Apple Music has garnered the most attention and notoriety, despite its rocky launch when Taylor Swift challenged the Cupertino giant for not paying out royalties during free trials (which it caved to). Dr. Dre’s new album, Compton, released ahead of the NWA biopic, was streamed 25 million times in its first week. Dre, the Beats co-founder and eventual Apple employee, has brought some serious clout to Apple’s music streaming ambitions.
The selection is obviously a big factor in convincing users to join. Initial kerfuffle aside, Taylor Swift’s catalog is on Apple Music and not on Spotify and Tidal has attempted to leverage its all-star owners and their friends to create similarly unique offers to subscribers. Most recently, it announced it will stream Prince’s new album Hitnrun on September 7, a notable coup for the service.
The human touch is another of Apple Music’s selling points with the simple message that humans pick better tunes than algorithms. “Algorithms are great but they’re very limited in what they can do as far as playing songs and playing a mood,” Jimmy Iovine told Wired not too long ago.
The Beats1 radio station with DJs like Zane Lowe adds to that human feel too. It’s become something of homage to the old style of tastemakers rather an algorithm pointing out that you like this song so maybe listen to this similar one.
While users can access a song anytime they want on the regular service, the success of Beats1, thus far, has shown people have an appetite for something a little traditional at the same time.
It hasn’t been an entirely smooth ride though for Beats1, with some users reporting downtime on the station and glitches where songs repeated.
Keeping things simple
Apple Music’s app meanwhile has been praised for its simplistic design and ease of use on top of the curated playlists.

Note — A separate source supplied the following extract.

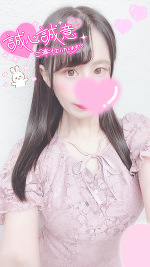 明日出勤＆🈳残3枠程🎀🐰🌟💓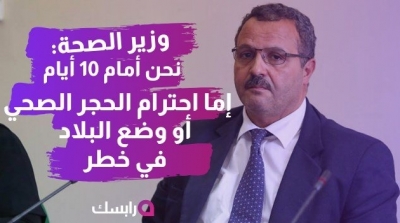 وزير الصحة : نحن أمام 10 أيام إما احترام الحجر الصحي أو وضع البلاد في خطر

“Visually, I prefer it to Spotify. It just makes me want to click on the albums and I love the ‘For You’ section as it personalizes the service to my choices,” says Nicole, one Apple Music newcomer. “I also really like the Apple Editors Playlists as it enforces that Apple Music has experts available to share their thoughts around what’s exciting in music.” She says she’ll be opening her wallet for the service once the trial is up.
“I think the main appeal for me over Spotify is that it feels easier to use—no extra apps to install and maintain, for example,” says Rob, another Apple Music user.

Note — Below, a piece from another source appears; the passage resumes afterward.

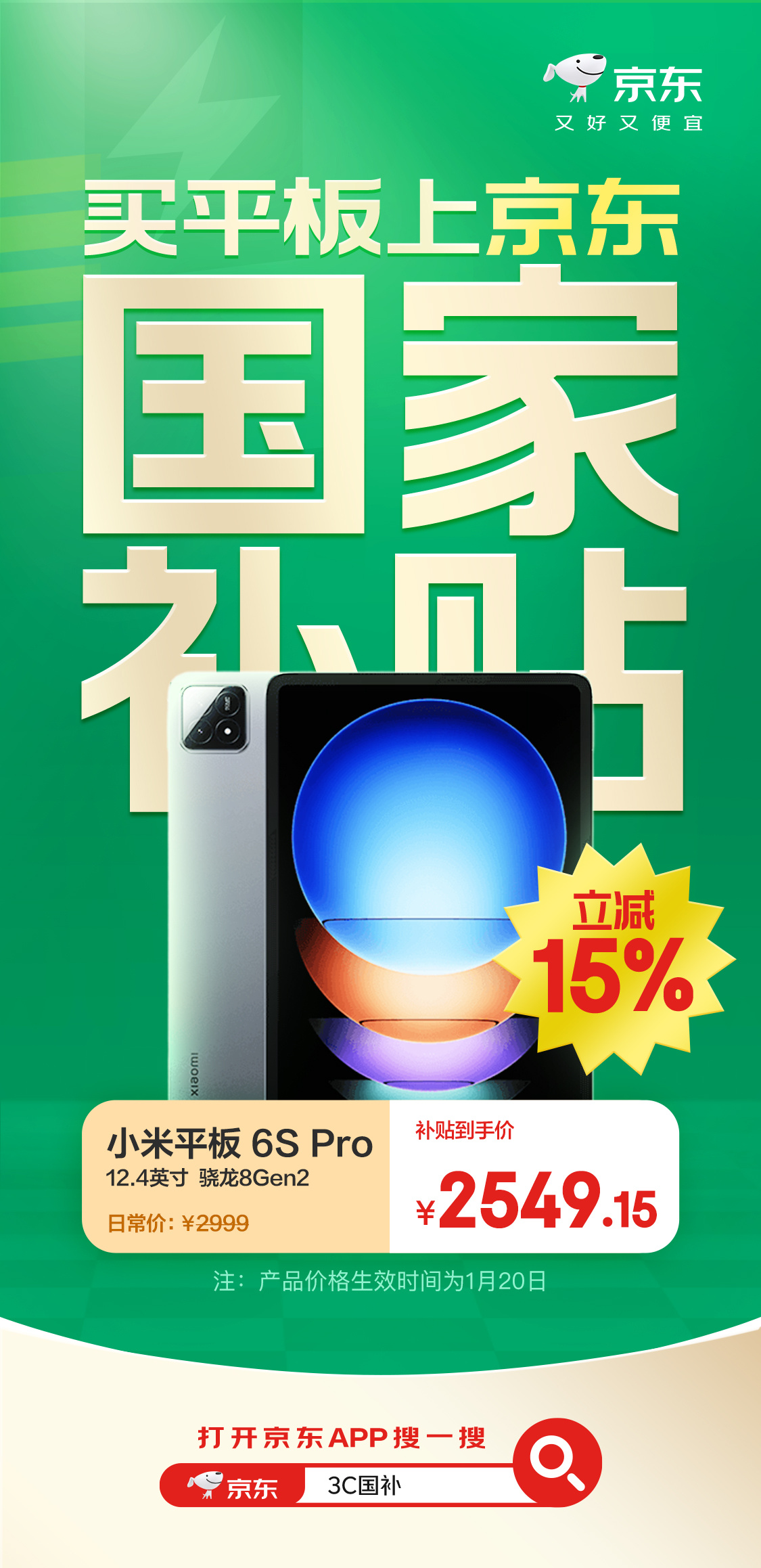 用国家补贴买手机就上京东 新年将至，挑选年货、礼物正当时~国家补贴政策助力，京东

Apple has a major advantage getting people to sample Apple Music—it comes pre-installed on iPhones. It helps that it’s one of the most popular smartphones in the world, so enticing users to at least give Apple Music a try is that bit easier. Oftentimes pre-installed software, or bloatware, is the subject of criticism but Apple has completely turned this in its favor.
A three month free is a very attractive offer too but will the slew of users that have been early adopters of Apple Music stick around when it comes time to open up their wallet?
We likely won’t get a clear idea of that or any kinds of hard numbers until the next quarterly earnings call. However unlike its massive sales of iPhones, getting people to pay for a software subscription is different to paying up for a piece of hardware and Apple will want to ensure Apple Music is its centerpiece for its software offerings.
Tidal on the other hand has been struggling to stay in the conversation. The high profile streaming service had a huge launch with buyer Jay Z bringing in a marching band of celebrity co-owners to back Tidal. Unfortunately the launch didn’t endear it to fans, damned by one media commentator as “tone deaf”.
The service’s cool factor didn’t last as long as it had hoped and Apple Music has managed to match it. Drake even jumped over to Cupertino.
Hard numbers for Tidal are difficult to come by too. In April, Jay Z said Tidal was “doing just fine” with 770,000 subscribers but it’s been an uphill battle since then. One of Tidal’ top executives Zena Burns recently departed from the company after just two months in the role.
There’s also been little said of the company’s partnership with Ticketmaster earlier in the summer, where subscribers could buy concert tickets through Tidal, and whether or not it’s seen much uptake from users.
Tidal pushes its high quality, high fidelity music streaming, which is one of its key selling points and one of the service’s defining features. Unfortunately, in the grand scheme of things, this remains a niche feature for users when it’s compared to Spotify and Apple Music or even other services like Deezer.
We’ll have to wait to see if Tidal can turn the ship around, but as of now they seem to have been pushed toward the back of the fleet.